▶ _Exercise prompt_
Exactly the lines from the start of the data through the line containing "The Battle of" should be output, with both ends kept and nothing added.

▶ _Source data_
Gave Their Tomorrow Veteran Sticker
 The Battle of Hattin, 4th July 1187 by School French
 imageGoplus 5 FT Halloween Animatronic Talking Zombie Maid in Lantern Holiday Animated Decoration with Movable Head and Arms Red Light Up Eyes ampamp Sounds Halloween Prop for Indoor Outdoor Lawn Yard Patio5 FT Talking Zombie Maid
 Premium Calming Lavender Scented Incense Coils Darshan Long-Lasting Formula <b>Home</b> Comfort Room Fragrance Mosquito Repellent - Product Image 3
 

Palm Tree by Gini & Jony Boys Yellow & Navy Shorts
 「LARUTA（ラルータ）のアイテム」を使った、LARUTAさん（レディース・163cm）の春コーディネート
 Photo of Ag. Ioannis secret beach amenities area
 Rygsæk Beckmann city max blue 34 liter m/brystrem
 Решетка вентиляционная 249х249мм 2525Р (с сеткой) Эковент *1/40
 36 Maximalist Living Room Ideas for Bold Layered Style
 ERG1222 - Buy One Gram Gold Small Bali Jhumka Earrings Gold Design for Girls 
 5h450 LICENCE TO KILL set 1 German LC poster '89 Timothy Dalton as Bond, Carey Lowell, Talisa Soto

▶ _Response area_
Gave Their Tomorrow Veteran Sticker
 The Battle of Hattin, 4th July 1187 by School French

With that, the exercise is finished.